Today's hot button issue is the recent California Supreme Court ruling that any law limiting marriage to one man and one woman is discriminatory, and therefore has opened the way for gay marriage in California. If you haven't heard about it, you will.
I'm not going to address the gay marriage issue. It's one of those things that, like abortion, never gets solved. It can be argued all day and no one will change their position or see any merit in the arguments of the other side. We all have our own opinion on it and our opinion doesn't matter to California because the people of California have already settled the issue. In 2000, the voters went to the polls and voted to define marriage as a union between one man and one woman. The matter was concluded, or at least it should have been. So if you support or oppose gay marriage, I don't care. That's not the issue here.
The issue at hand regards who or what holds absolute power in this country. If you want to join in the discussion, it begins with this simple question: Do Americans have the right to govern themselves?
The Californistan Supreme Court looked at the law created by the people and had to decide whether or not it was Constitutional. For most people, the answer would be clear after reading the first 3 words of the Constitution...We The People. That would do it for me, but not for the 4 activists that apparently sit on the court.
The Constitution begins with We The People. It does not say we the courts, or we the judges, or we the congress or we the politicians. It says We The People. We are the ones who established the law, we are the ones who govern this land. Granted, we appoint people to establish, enforce and interpret the law on our behalf, but the ultimate authority belongs to We The People, and there is no governmental or judicial entity with the power to dispute or overturn that authority. This is a very basic, yet critical premise for our democracy.
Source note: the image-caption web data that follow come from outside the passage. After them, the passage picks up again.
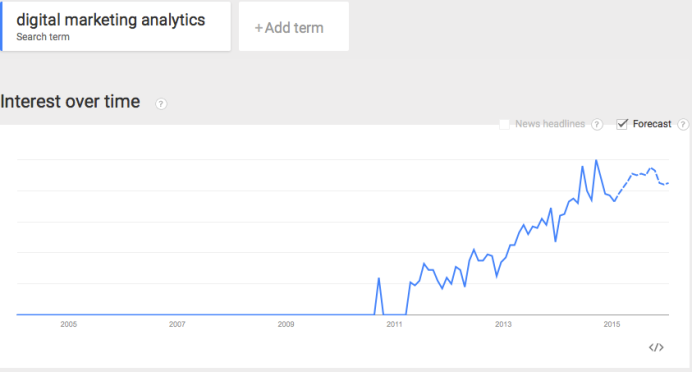 trends in digital marketing analytics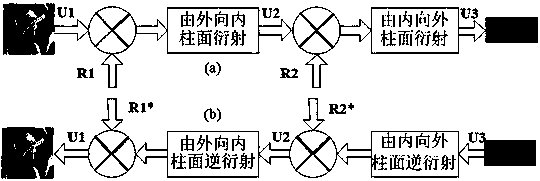 Optical image encryption method based on circuitous cylindrical diffraction and compressive sensing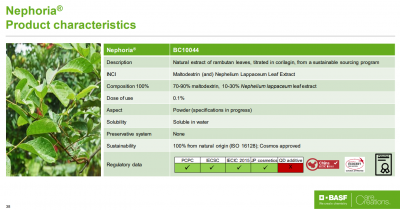 Nephoria® BC10044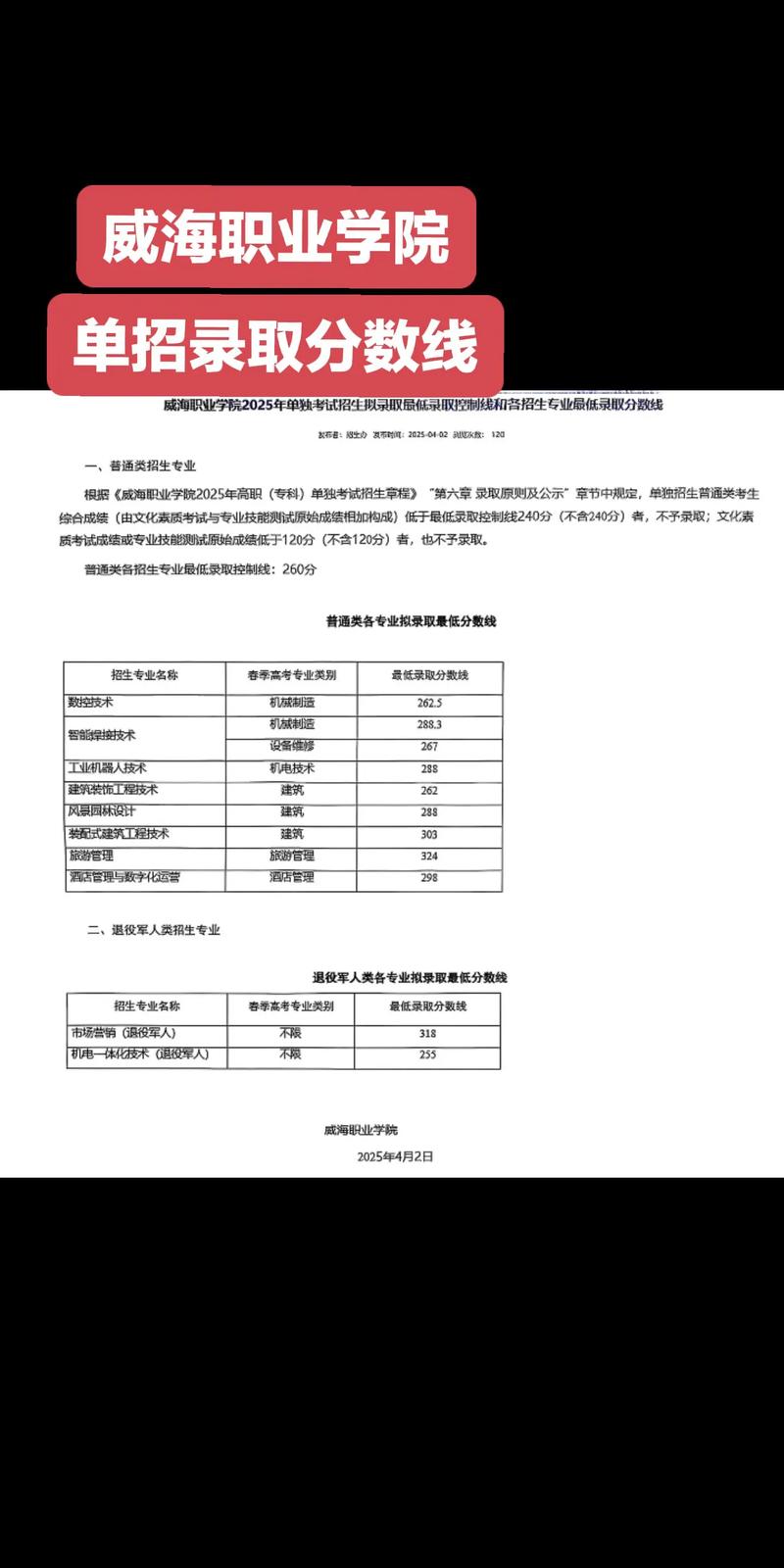 威海学院录取分数线是多少?-图3 威海学院录取分数线是多少?-图3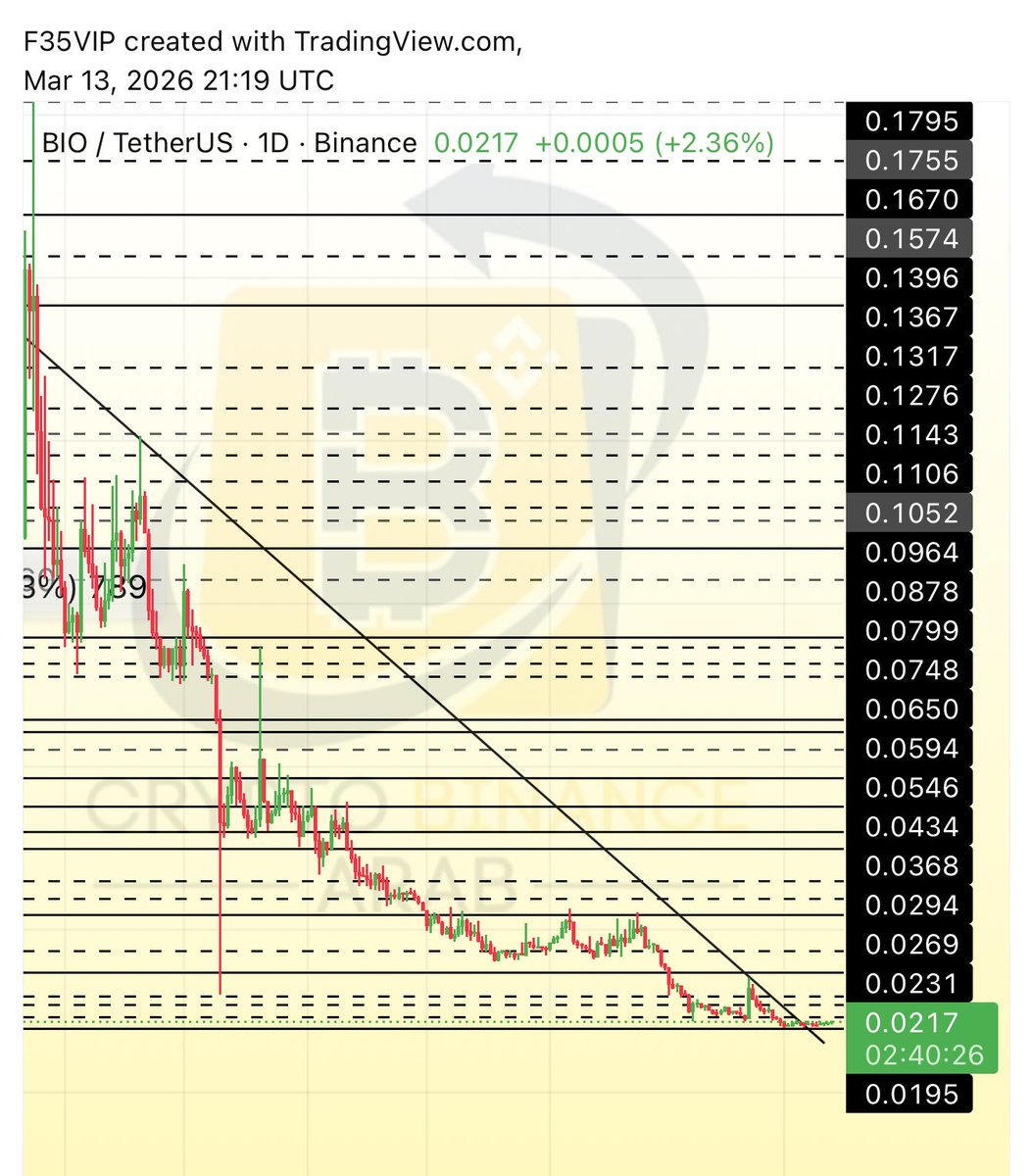 Cryptohelp90's tweet image. #BIO $bio ✅✅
In 2000, the people of California established, by majority rule, a law regarding marriage. Millions voted. Today, four individual judges determined that those who voted were wrong, and overturned the will of the people based on, of all things, the argument that their will was unConstitutional. The way I see it, there is nothing more unConstitutional than four people overturning the will of millions, yet that's exactly what happened. And despite how you personally feel about gay marriage, the idea that four people wrongly exercise a perceived power and over-rule the majority should be disturbing to all. Today you may agree with their opinion, but what happens when you don't agree? Four judges do not, and should never, have the power to over-rule the people. Every time that happens, our democracy weakens.
The people of California have spoken. They have determined how to define marriage for their state. That simple fact is what makes it Constitutional. The law is not discriminatory because the people have said so, and it's the people who have ultimate and absolute authority in this country.